Overall Satisfaction with Perforce
Perforce is the source control management system of choice for our entire organization. We use it to safely version content of all kinds; code, scripts, art, and documentation. It is shared globally across our organization and accessible externally to our product licensees. It has been used for every product we've shipped as well as all our active projects. We make use of all the major features like branching and shelving as well as p4web.
Pros
- Perforce handles code exceptionally fast and provides a deep toolset. The ability to quickly see differences via the revision history, revision graph, and time lapse view are invaluable for tracing differences over time and across branches/integrations.
- Perforce does a decent job of maintaining our security policies across different areas of code. We can block access to various branches and directory structures using the various administration tools available. This ensures the right people have the right access at the right time. We can also temporarily disable check in access and lock down a source tree when necessary.
- The P4 client, P4V, is a clean and intuitive tool. There are multiple ways of viewing the depot with powerful search commands and easy access to the more advanced P4 concepts all from within the GUI. Shelving, merging, integrating, and syncing are all easy to do.
Cons
- P4V, in the interest of stability, seems to have taken a few steps back in its ability to perform asynchronous operations. Once upon a time I was able to sync and perform resolves on code at the same time and now it seems to wait for all operations and does everything much more serially.
- P4VS, the integration with Microsoft Visual Studio, is still fairly new to the product suite. We have very complicated VS projects and it can take some time for P4VS to sync its status with the P4 server. Additionally, there are still a few rough edges in its features, such as the limited history dialog and some crash/instability issues when an automated checkout of file about to be edited doesn't get a response from the server quickly. It is still good to see that they wrote their own tool rather than stick with the antiquated SCC APIs offered by Microsoft.

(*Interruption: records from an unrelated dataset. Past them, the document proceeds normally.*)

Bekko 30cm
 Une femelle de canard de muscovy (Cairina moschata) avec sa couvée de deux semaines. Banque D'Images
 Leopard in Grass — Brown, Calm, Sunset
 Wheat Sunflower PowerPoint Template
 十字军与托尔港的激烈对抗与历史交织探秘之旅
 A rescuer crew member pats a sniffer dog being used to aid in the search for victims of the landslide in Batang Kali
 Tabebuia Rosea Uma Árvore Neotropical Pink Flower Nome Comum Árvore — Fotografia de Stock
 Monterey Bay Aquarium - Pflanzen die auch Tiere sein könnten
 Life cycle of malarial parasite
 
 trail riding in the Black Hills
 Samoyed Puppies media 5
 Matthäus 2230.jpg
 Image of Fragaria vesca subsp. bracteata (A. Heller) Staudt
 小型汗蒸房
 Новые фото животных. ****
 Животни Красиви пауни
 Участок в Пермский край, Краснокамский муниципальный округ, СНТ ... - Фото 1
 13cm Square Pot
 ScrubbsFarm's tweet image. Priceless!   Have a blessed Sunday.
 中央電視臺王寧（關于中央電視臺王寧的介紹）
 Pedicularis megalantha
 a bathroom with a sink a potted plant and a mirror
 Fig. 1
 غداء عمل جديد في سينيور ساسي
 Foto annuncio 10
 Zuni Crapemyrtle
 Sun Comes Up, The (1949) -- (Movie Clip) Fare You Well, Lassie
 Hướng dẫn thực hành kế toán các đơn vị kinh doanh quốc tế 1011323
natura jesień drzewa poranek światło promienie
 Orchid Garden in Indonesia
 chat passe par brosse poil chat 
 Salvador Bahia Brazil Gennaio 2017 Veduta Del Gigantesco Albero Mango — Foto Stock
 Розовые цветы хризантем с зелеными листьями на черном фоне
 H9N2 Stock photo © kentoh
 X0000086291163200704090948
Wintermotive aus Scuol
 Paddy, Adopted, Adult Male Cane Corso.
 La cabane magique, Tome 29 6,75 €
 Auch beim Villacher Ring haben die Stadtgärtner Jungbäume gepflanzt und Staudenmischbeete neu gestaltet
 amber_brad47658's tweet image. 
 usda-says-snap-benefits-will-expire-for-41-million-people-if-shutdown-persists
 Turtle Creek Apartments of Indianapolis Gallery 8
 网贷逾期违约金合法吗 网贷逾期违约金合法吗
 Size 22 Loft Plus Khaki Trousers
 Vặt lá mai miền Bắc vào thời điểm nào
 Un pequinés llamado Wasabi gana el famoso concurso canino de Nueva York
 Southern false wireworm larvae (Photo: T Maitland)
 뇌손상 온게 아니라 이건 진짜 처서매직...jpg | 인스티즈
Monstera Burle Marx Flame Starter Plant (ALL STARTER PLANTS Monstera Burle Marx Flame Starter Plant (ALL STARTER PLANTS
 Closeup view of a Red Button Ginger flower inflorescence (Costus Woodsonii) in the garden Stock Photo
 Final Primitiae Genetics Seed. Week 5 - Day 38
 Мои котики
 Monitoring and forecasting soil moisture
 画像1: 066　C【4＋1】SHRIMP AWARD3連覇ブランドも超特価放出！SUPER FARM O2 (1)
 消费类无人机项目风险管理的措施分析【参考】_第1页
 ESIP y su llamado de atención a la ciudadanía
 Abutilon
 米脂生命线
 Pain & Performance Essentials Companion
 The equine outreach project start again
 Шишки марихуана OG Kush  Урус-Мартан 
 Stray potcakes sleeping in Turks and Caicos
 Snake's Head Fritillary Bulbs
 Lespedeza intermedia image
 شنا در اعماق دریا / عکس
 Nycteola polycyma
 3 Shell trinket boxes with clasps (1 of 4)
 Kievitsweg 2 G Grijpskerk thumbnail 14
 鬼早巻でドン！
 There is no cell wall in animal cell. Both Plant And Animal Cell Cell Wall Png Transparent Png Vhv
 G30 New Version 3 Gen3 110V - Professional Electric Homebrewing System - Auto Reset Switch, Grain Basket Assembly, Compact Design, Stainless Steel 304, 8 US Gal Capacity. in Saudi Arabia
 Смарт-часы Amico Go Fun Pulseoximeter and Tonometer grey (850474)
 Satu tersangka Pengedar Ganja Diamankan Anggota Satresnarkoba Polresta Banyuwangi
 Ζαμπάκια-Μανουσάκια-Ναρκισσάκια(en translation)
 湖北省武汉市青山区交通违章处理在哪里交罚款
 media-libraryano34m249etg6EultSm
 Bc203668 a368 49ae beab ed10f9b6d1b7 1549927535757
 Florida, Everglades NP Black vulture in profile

- If I was being nit picky, I would say it would be nice for P4 to consider integrating more "content" versioning tools for various binary formats. There is plenty "non text" content to be version controlled, and to be able to diff versions right inside P4 would be invaluable.
- Working across multiple workspaces on the same machine can sometimes be difficult when various P4 products are used at the same time (say P4VS, P4V, P4EXP). It would be nice if workspace switching, the P4 env variables, and the various P4.ini settings were easier to reconcile and visualize from within the various client tools.
- Some really advanced/complicated client specs (using ... and * for example) can slow down integrating and other P4V operations.
- While I haven't experienced this directly, it is my understanding that syncing large data across large distances can be slow and that the various proxy tools could use improvement. I do know that various switches/options have been exposed to make various tasks require less data transfer to the client to improve this.
- Perforce helps our licensees and development teams get access to our code base anywhere in the world.
- Our developers have never had to worry about the reliability of our source depot and know that if its checked in, the data is safe.
Using Perforce
300 - All business functions use it in one form or another. Artists, Designers, Programmers all use it. Some documentation is stored there as well for various business functions.